S’aiment-ils? C’est mon frère, un point c’est tout. Les mots d’amour sont réservés à l’église. Ne pas les galvauder. Aimez-vous les uns les autres. Aime ton prochain comme toi-même. Aimer tout le monde, oui. Les pauvres, les malheureux, les indigents. Il y a en a tant. Ouvrir les bras tout grands. Élargir son cœur. La charité, ce mot au moins est praticable. L’amour est un mot suspect, un mot qui ne veut rien dire. L’amour est un mot un peu répugnant, un mot de cinéma ou de roman photo comme en liraient les servantes si elles avaient des heures perdues.
Marie-Jeanne et Victor n’ont pas été habitués aux épanchements. L’époque ne le veut pas non plus. On raconte les faits. Les sentiments? Ne pas jouer avec ces machins incongrus qui leur exploseraient dans les mains. Pas de manifestations de tendresse mais du soin. MarieJeanne s’occupe de son frère. Elle a l’œil, elle est l’aînée. Oui, maman, je te le promets. Et il est si vulnérable, Victor. En échange, il accepte, de temps en temps, de quitter ses pâtures et ses chiens et se constitue chauffeur et chevalier servant de Marie-Jeanne – un chevalier qui ferait dans le rustique – lors des baptêmes, communions ou autres festivités familiales. Il le faut bien.
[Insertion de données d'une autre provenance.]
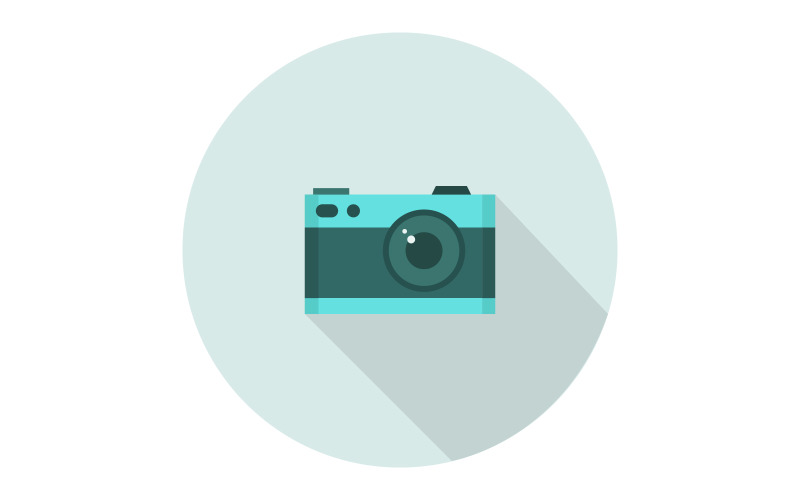 Icona della fotocamera illustrata e colorata su sfondo bianco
Il faut remplacer Paul mais qui peut remplacer Paul? Victor lui dit Marie. Et dans ce prénom qu’il est désormais le seul à utiliser, passe une douceur, un abandon furtif, qu’il faudrait être très futé pour capter dans la grosse voix bourrue. Évidemment les couples frères et sœurs ne favorisent pas le développement démographique. Marie-Jeanne et Victor sont les derniers rescapés d’un naufrage familial. Et la race des Van der Heyde s’éteint tout doucement.